**What this task involves**
With all images omitted, write out the records word for word.

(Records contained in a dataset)
=== Section Start ===

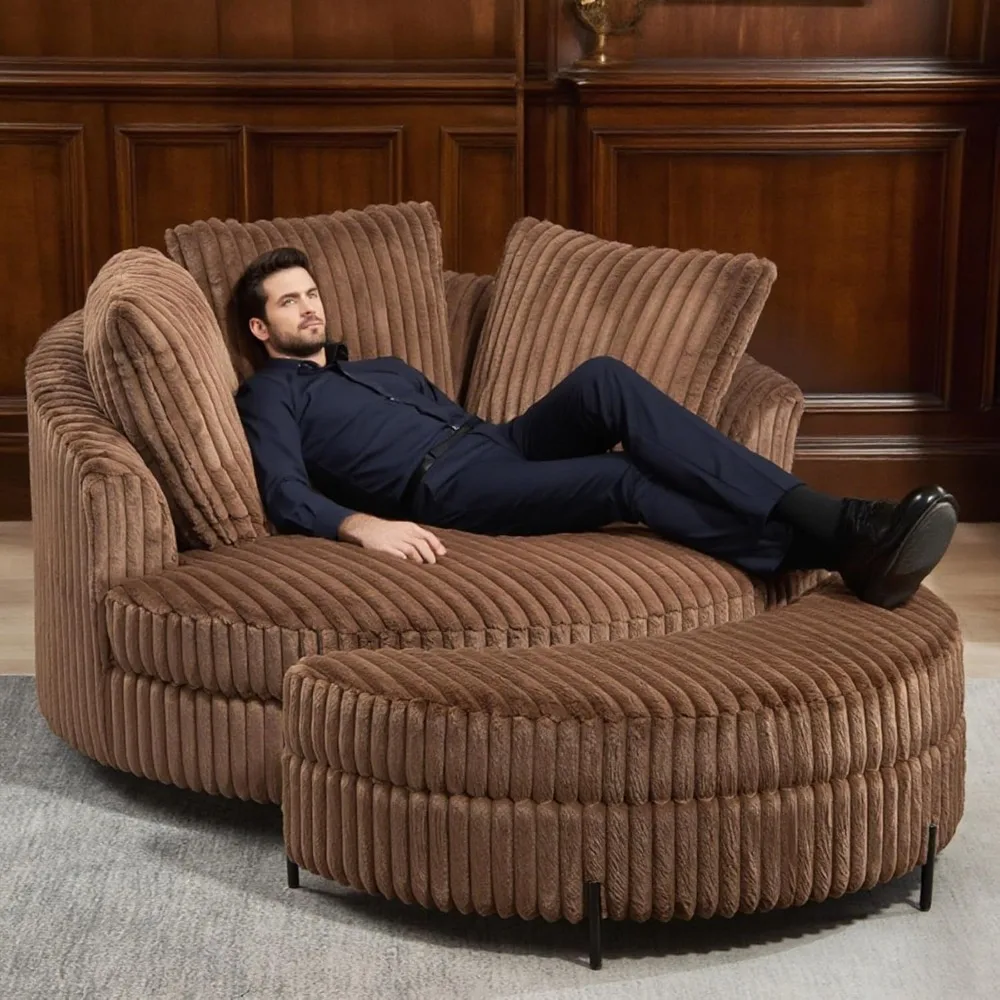 Corduroy Barrel Chair Set 1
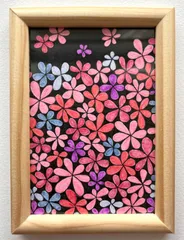 Flower1 オリジナルイラスト 手描き 水彩画 ペン画 ミニ額 原画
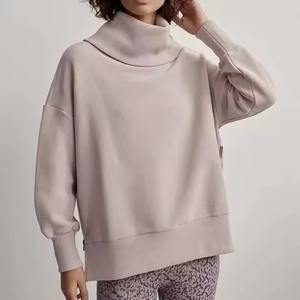 Alta calidad Mujeres Mock Neck Manga larga Fleece Pullover Hoodie Casual Invierno Otoño Frente Logo Posición - Product Image 6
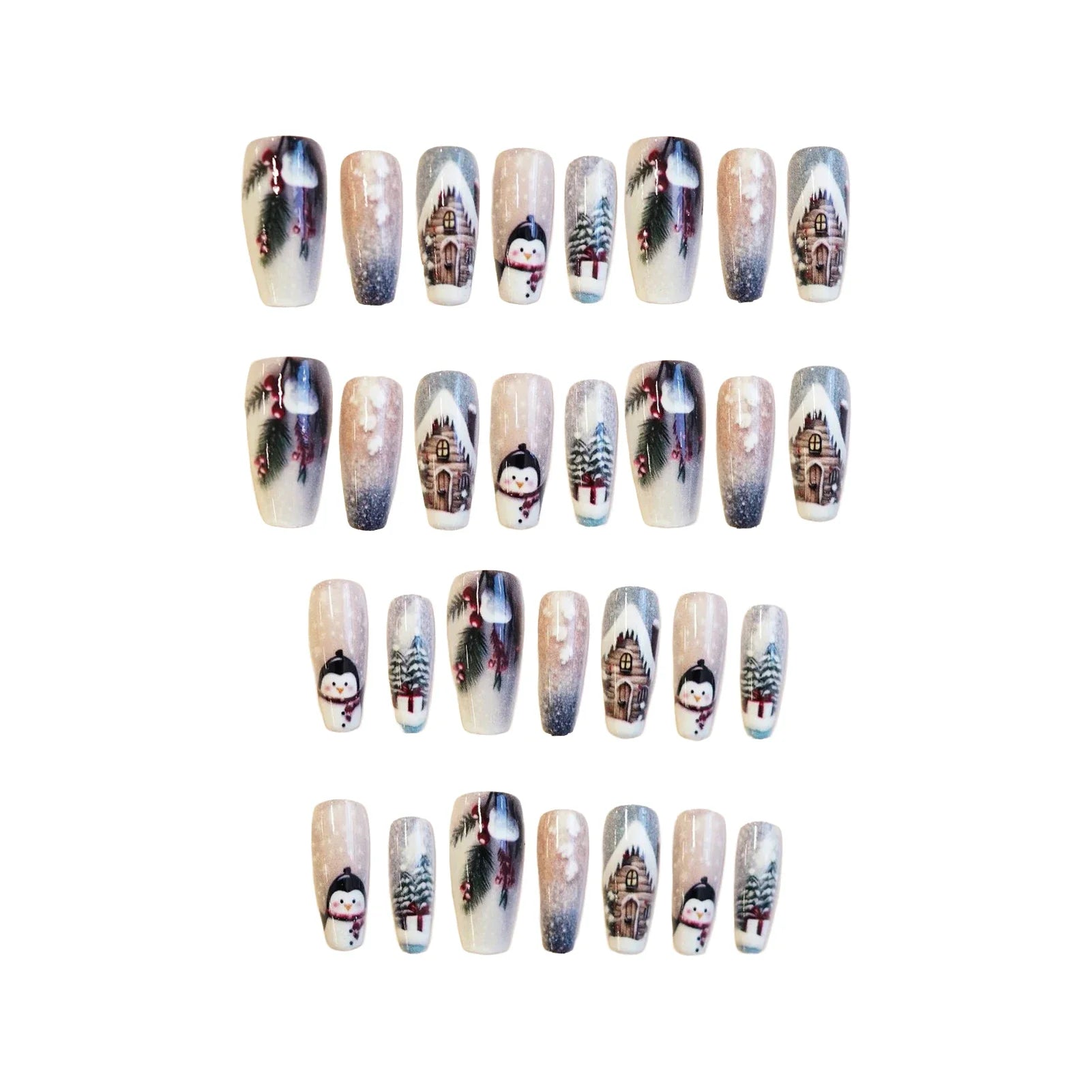 30Pcs Christmas Fake Nails With Penguin/Snowflake/Xmas Tree Designs Ballerina Press On Nails Women Year Party False Nails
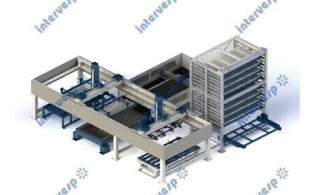 Автоматическое погрузочное и разгрузочное устройство 1500кг 3000*1500 25мм + магазин для хранения с 8 слоями ARW3015-8 (3 тонны на слой)RTF1000-3015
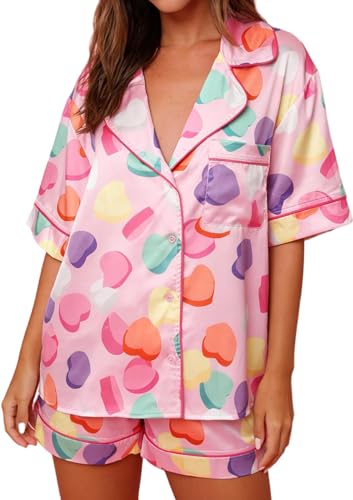 Image of Yiulangde Cute Silk Satin Pajama Set Preppy Pjs Shorts Y2k Floral 2 Piece Pajamas Sets for Women Button Down Lounge Shirt Set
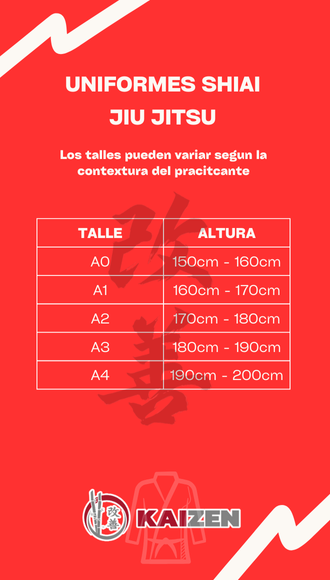 Guia de talles de Gi diu Jitsu Shiai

=== Section End ===

**Expected answer**
 Corduroy Barrel Chair Set 1
 Flower1 オリジナルイラスト 手描き 水彩画 ペン画 ミニ額 原画
 Alta calidad Mujeres Mock Neck Manga larga Fleece Pullover Hoodie Casual Invierno Otoño Frente Logo Posición - Product Image 6
 30Pcs Christmas Fake Nails With Penguin/Snowflake/Xmas Tree Designs Ballerina Press On Nails Women Year Party False Nails
 Автоматическое погрузочное и разгрузочное устройство 1500кг 3000*1500 25мм + магазин для хранения с 8 слоями ARW3015-8 (3 тонны на слой)RTF1000-3015
 Image of Yiulangde Cute Silk Satin Pajama Set Preppy Pjs Shorts Y2k Floral 2 Piece Pajamas Sets for Women Button Down Lounge Shirt Set
 Guia de talles de Gi diu Jitsu Shiai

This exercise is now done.